Despite presenting themselves as a more progressive alternative to the BC Liberals, the NDP is only nominally different, in practice proving to be even more brutal than the government before them. Their social democratic veneer and partisan brand-loyalty may earn them amnesty from unions and progressives, but their vicious attack on Indigenous and homeless people in Saanich deserves condemnation from the entire left—including the so-called “housing justice” civic parties in Vancouver and Victoria that have remained completely silent throughout these municipal and provincial assaults on homeless people.
Attorney General David Eby, a former homeless advocate who traded his experience and reputation as a social justice activist for a career in politics, Housing Minister Selena Robinson, and the entire BC NDP-Green government have decided to crush homeless people’s power with raw police force. The founding of Camp Namegans tent city in Saanich and Discontent City in Nanaimo this summer demonstrated that homeless people in this Province are fed up with government neglect and prepared to organize themselves in order to both survive and politicize their struggles. In response, the NDP’s complacent failure to decisively end homelessness has ripened into outright punitive repression, designed to smash the will of Indigenous and working class people to form collective power to push for what they need.

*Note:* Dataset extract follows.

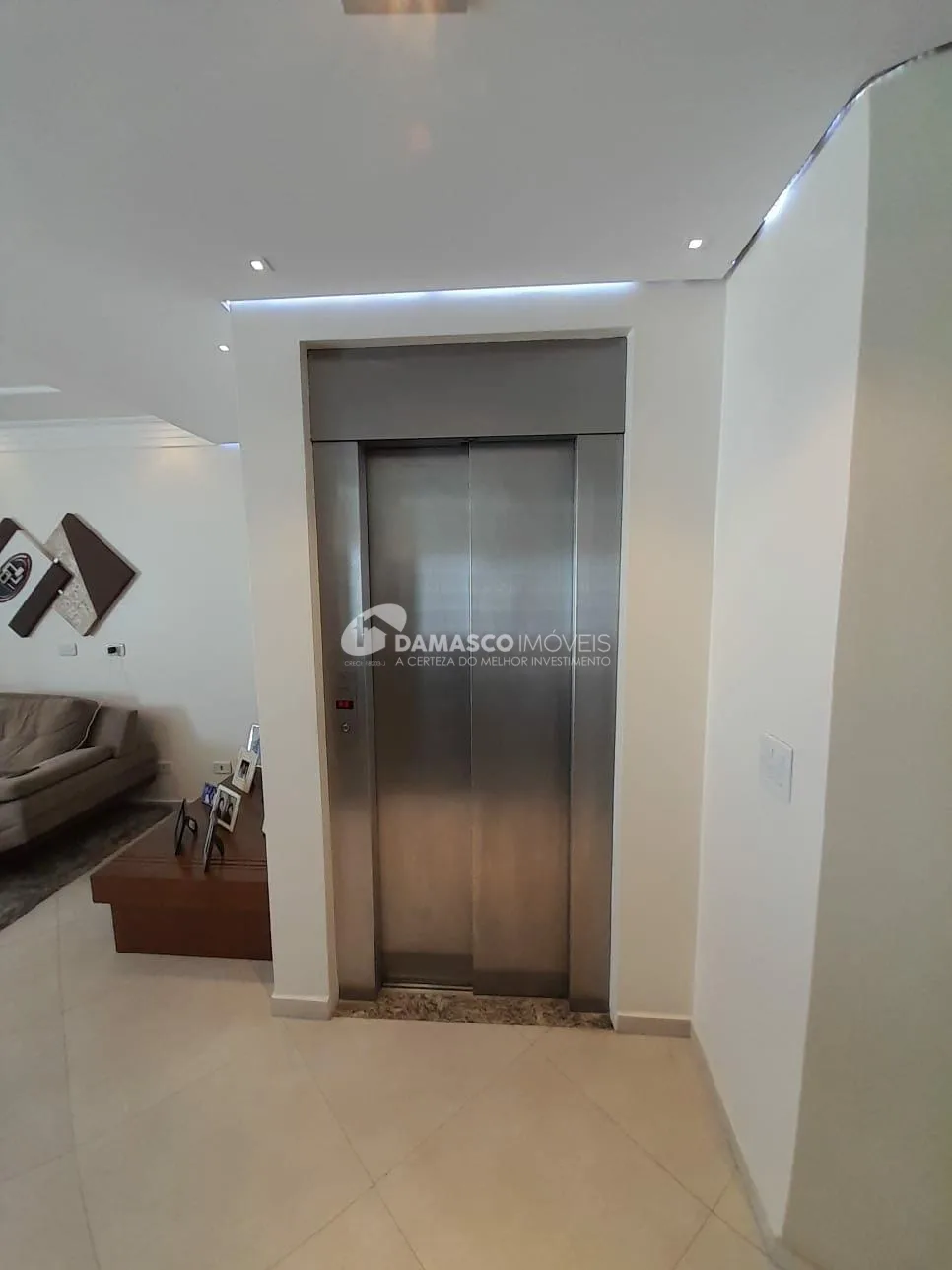 Sobrado à venda 4 Quartos, 4 Suites, 5 Vagas, 381M², Olímpico, São Caetano do Sul - SP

The struggle between the Namegans homeless and the Province of BC is not done. On Thursday September 20th, as police gathered to evict the Goldstream campground, the Province agreed to a concession that allows the Namegans homeless some breathing room: Namegans can stay in the campground under the same terms as anyone else and BC Housing will provide tents for some shelter from the forecasted storms. The District of Saanich also gave way somewhat and offered a parcel of land for the supportive modular housing that they previously had refused. This housing, like the additional shelter beds that the Province says will open October 1st and all housing and shelters opened by the BC NDP government, would be operated under the institutional, isolating, and humiliating policies of so-called supportive housing that was piloted by the former BC Liberal government. If not for the resistance led by the Namegans homeless and supported by hundreds of others who protested at and occupied BC Housing offices in Nanaimo and Coquitlam, and tweeted and called NDP officials, the outcome would have been different and the homeless would have received only police batons. This coordinated, determined resistance marks the way forward.